信じるのが1番怖い存在…そんな気がする。







そのくらい。
オレと母ちゃんとの間の確執は大きいし、溝は地球が真っ二つに割れそうなくらい深い。













母ちゃん
「そういえばこないだ、所長さんがウチに来て行ったで?」











坊丸
「え?かちょー、なんでここに?」









母ちゃん
「いつもの探し物やって。」










坊丸
「探し物?…え?あれのこと?

まだ探してたん?

もう20年も前やのに。」










課長の探しもの。
それはオレが小さい頃にこのウチで起こった事件に関係するもの。








オレが5歳くらいのとき。
この家の中で立てこもり事件があった。

オレが昼寝してる間に母ちゃんが買い物に行ってて、目を覚ましたら母ちゃんがおらんかった。
すごく甘えん坊やったオレはさみしくて、ぐずりはじめたときにインターホンの音がしたから、母ちゃんが帰ってきた!と思ってドアを開けちゃって。
拳銃を持った犯人によって人質にされた。







そんとき助けてくれたのが今の上司、
俺が『かちょー』と呼んでいる人。
兵庫県警地域課の『課長』やから。
当時は敏腕刑事やった。








オレの事件で犯人に撃たれ、瀕死の重傷を負うたのがきっかけで交番に異動したんやて。

あんときのカッコいい刑事に憧れて警察官になったんやけど、まさか最初に配属された交番であの人の部下になるとは。








課長の探しものというのは、そん時の銃弾。








犯人が撃ったのは2発。




1発は誰にも命中せず、今でも2階のベランダの壁にめり込んでる。




もう1発はオレを抱きかかえるようにして庇った課長の身体を貫通したんやけど、銃弾自体は家のどこからも見つかってない。







もちろん、課長の身体にも残っていない。








その、もう1発を課長は20年間ずっと探し続けている。
多分、刑事の勘というものなんやろか。
嫌な予感がしているんやろう。
せやから。

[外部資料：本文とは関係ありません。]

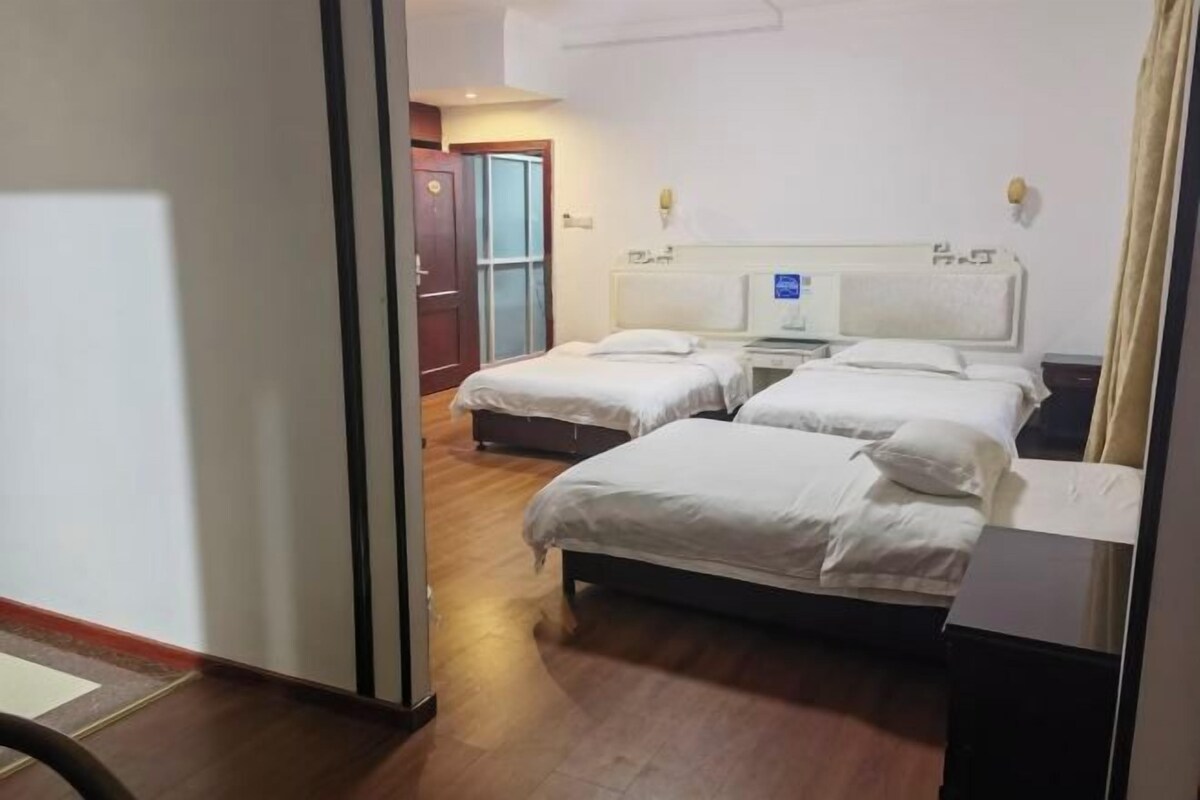 A hotel room with two beds, a desk, and a chair.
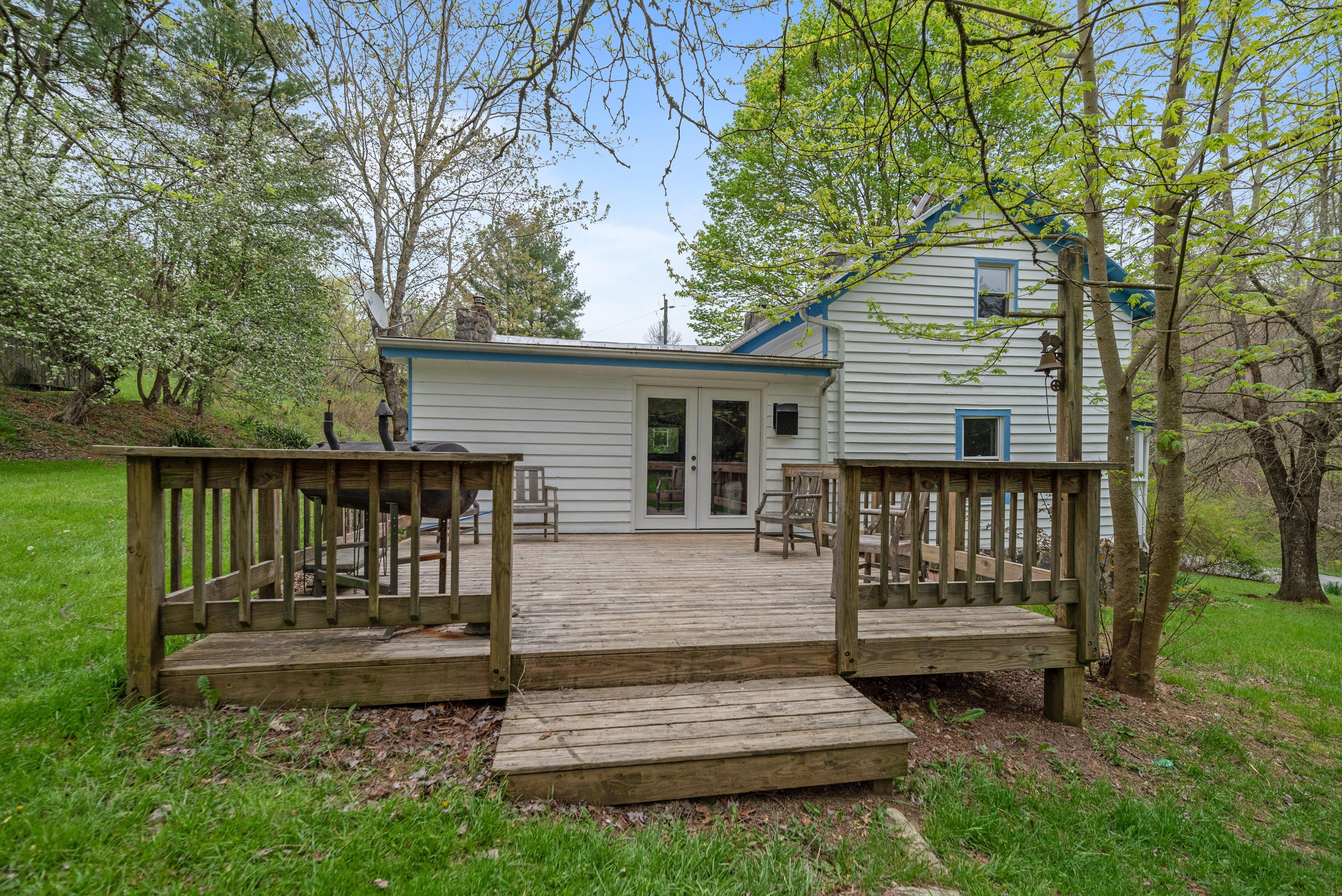 757 Halls Store Road Southwest Willis, VA 24380 - Photo 25 of 43 a view of a wooden bench and chair in the yard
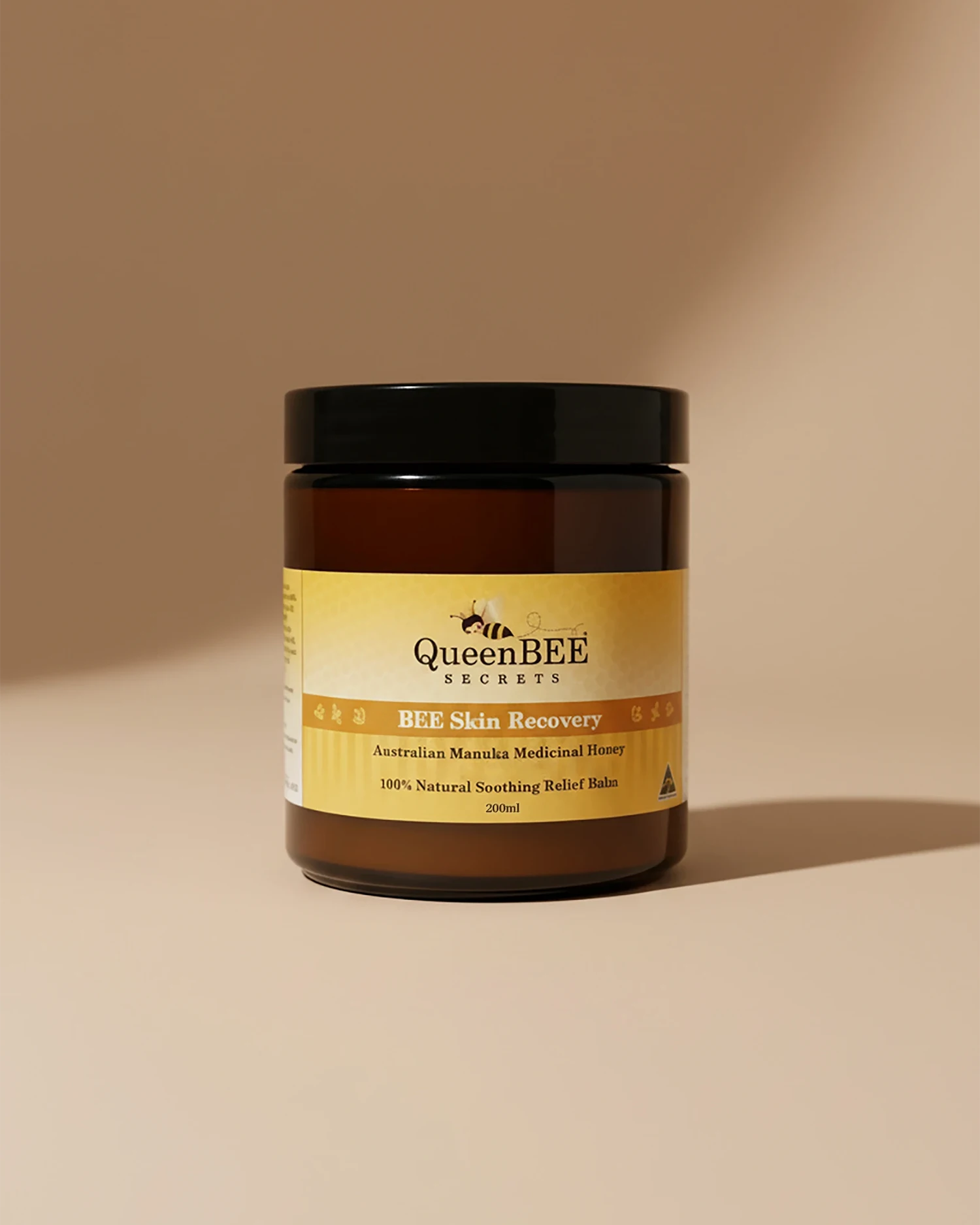 Jar of Queen Bee Skin Recovery balm on a beige background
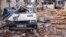 Cats sit in rubble front of a destroyed car at a damaged street after a 6.4-magnitude quake hit the Hatay province in southern Turkey, in Antakya, Feb. 21, 2023.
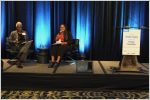 Heather Campbell and Calyssa Burke on stage at the Women in Alberta's Energy Transition event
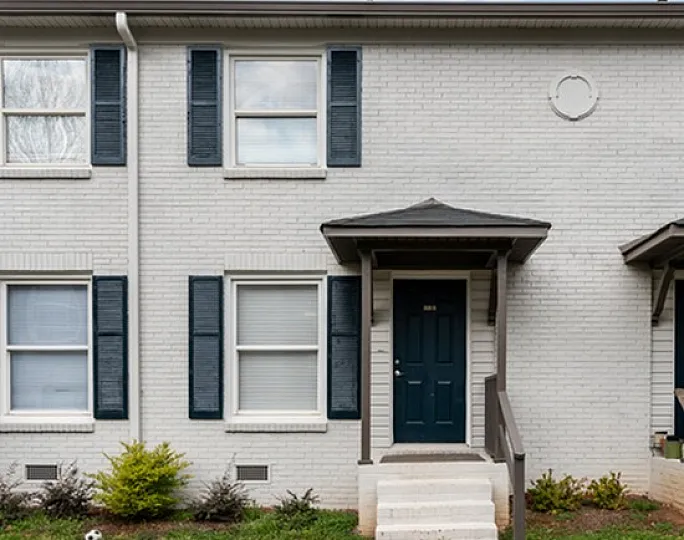 Inviting two-story townhouse with white brick facade and elegant blue shutters.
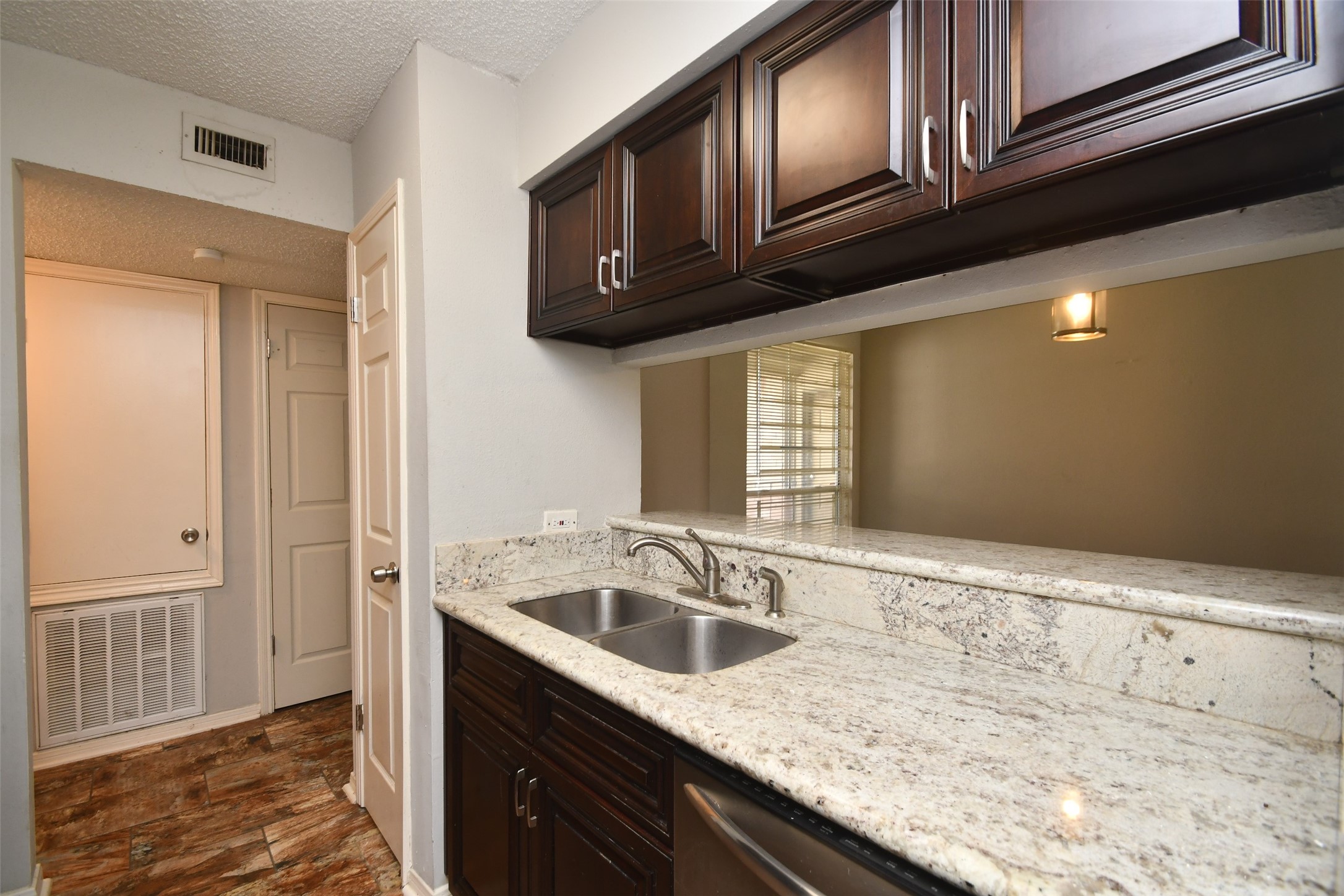 700 Thicket Lane, Unit 704 Houston, TX 77079 - Photo 16 of 44 Granite Countertops and Custom Cabinetry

課長の中ではまだ、あの事件は終わってないんやと思う。








その銃弾の場所を知っているのは…
たぶんオレしかおらん。








そう、オレ知ってんの。
てか、持ってんの。








そして、課長の嫌な予感が当たっているのも知っている。

事件があった日の夜から。










事件の直後は恐怖と混乱で、なーんにも気づかんかった。









他の刑事さんに病院に行くように勧められたときも、
「助けてもろたから大丈夫!
おかげさまで無傷やわ!」
って笑顔で断った。
痛くないし。ウチ、お金ないし。





そのあと右肩に痛みが出始めて、でも病院断っちゃったし、せっかく刑事さん守ってくれたし、母ちゃんにも何か怖くて言い出せんかった。








痛いとこを鏡でよくよく見たら、右肩に何かある。
銀色のおしりが見えてる。
ちょっと血も出てる。







見つけちゃった瞬間に突然痛みが増して、怖くて怖くて仕方なかった。
それでも、自分で何とかしようと思って必死やった。






自分で取ろう思ってもすごく痛いし、指が届かなくて血しか出て来ぇへんから、肩に絆創膏貼って隠すことにした。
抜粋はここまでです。